Rainbow Rowell continues to break boundaries with Carry On, an epic fantasy following the triumphs and heartaches of Simon and Baz from her beloved bestseller Fangirl.
Simon Snow just wants to relax and savor his last year at the Watford School of Magicks, but no one will let him. His girlfriend broke up with him, his best friend is a pest, and his mentor keeps trying to hide him away in the mountains where maybe he’ll be safe. Simon can’t even enjoy the fact that his roommate and longtime nemesis is missing, because he can’t stop worrying about the evil git. Plus there are ghosts. And vampires. And actual evil things trying to shut Simon down. When you’re the most powerful magician the world has ever known, you never get to relax and savor anything.
Carry On is a ghost story, a love story, a mystery and a melodrama. It has just as much kissing and talking as you’d expect from a Rainbow Rowell story — but far, far more monsters.
When Carry On was announced last year, I couldn’t help but feel a bit extra special. In my review for Fangirl, Rowell’s previous YA novel that featured the novel-within-a-novel that eventually inspired her new novel Carry On (did you get that?), I requested that she adapt the Simon Snow scenes to a standalone book. Because in Fangirl the Simon Snow scenes were bonkers: a mash-up of Harry Potter with an Edward Cullen-esque vampire thrown in for good measure, topped off by an astonishingly well-developed mythology for seemingly throwaway scenes.
So Rainbow wrote it (for me! And I guess the thousands of others who clamored for it), and here I am, deeply downtrodden, because I have to report that this special-order book was not what I wanted. And okay, I immediately recognize that “this book is not what I wanted” is not a valid criticism. Rainbow doesn’t know who I am and she is not writing for me and that is good! Authors tend to shoot themselves in the foot as soon as they write for an audience. But the criticism holds somewhat seeing as Carry On is not Rainbow’s first Simon Snow rodeo. These characters already existed elsewhere; Carry On, as I understood it, would simply be their movement towards center stage.
Simon, Baz, Penelope and the gang have not just found the spotlight, however. They are entirely different incarnations of the characters I recall from Fangirl. And in shocking ways too.

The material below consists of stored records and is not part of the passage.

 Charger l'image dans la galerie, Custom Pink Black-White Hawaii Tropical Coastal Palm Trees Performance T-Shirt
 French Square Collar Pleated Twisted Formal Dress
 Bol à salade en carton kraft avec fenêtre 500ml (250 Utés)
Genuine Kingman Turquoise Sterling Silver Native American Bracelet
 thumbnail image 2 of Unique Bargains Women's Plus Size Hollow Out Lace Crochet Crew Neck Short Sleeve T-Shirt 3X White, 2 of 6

Originally, Simon and Co. were thick, meaty characters, dripping with turmoil in the face of insurmountable obstacles, but always–always–surmounting them. They managed to shine so brightly despite the fact that their appearances were intermittent and brusque. With more than 500 pages all to themselves in this novel, I expected their stories to develop in more complex and epic ways. Yet faced with so many pages to fill, they deflate to dull versions of their Fangirl selves. Petty problems rule the day; the supreme villain is rarely mentioned. Which I suppose is true in other epic fantasy novels. Harry Potter was not always thinking about Voldemort. For serious swaths of the series, he’s more concerned with Quidditch.

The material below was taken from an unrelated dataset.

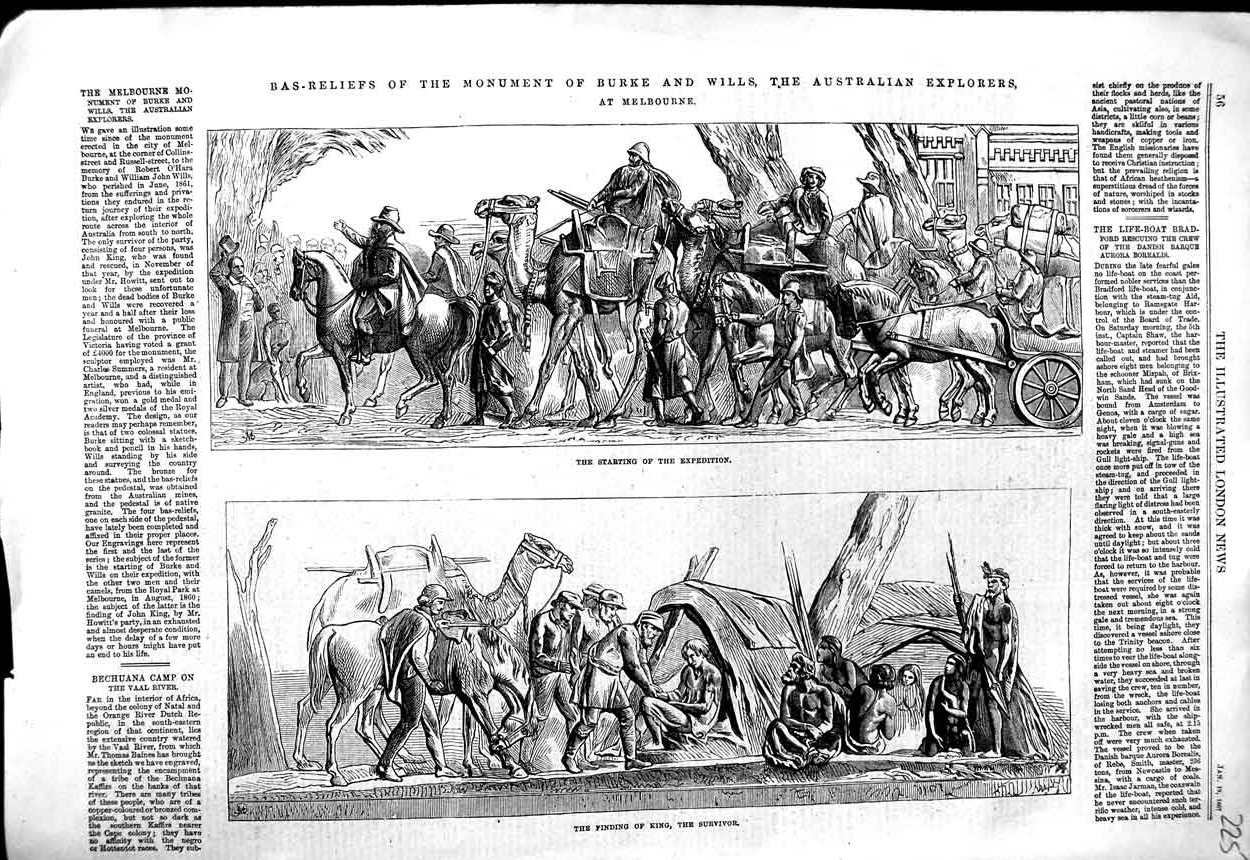 Original Old Antique Print 1867 Bas-Reliefs Monument Burke Wills Explorers 19th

But Rainbow Rowell does not have the same advantages JKR had writing Harry Potter. Carry On is as if she started writing the series at Deathly Hallows. There’s so much that happened before, but we don’t see it so the stakes are so much lower. The result is a sham, a house of cards she tries to convince us is an actual house. But the little gusts the pages made as I turned them faster–eager to get to the good bits and finally eager to finish because there were no truly good bits–blew the whole house down. And then I see that Simon and everyone was just paper, thin and lifeless paper.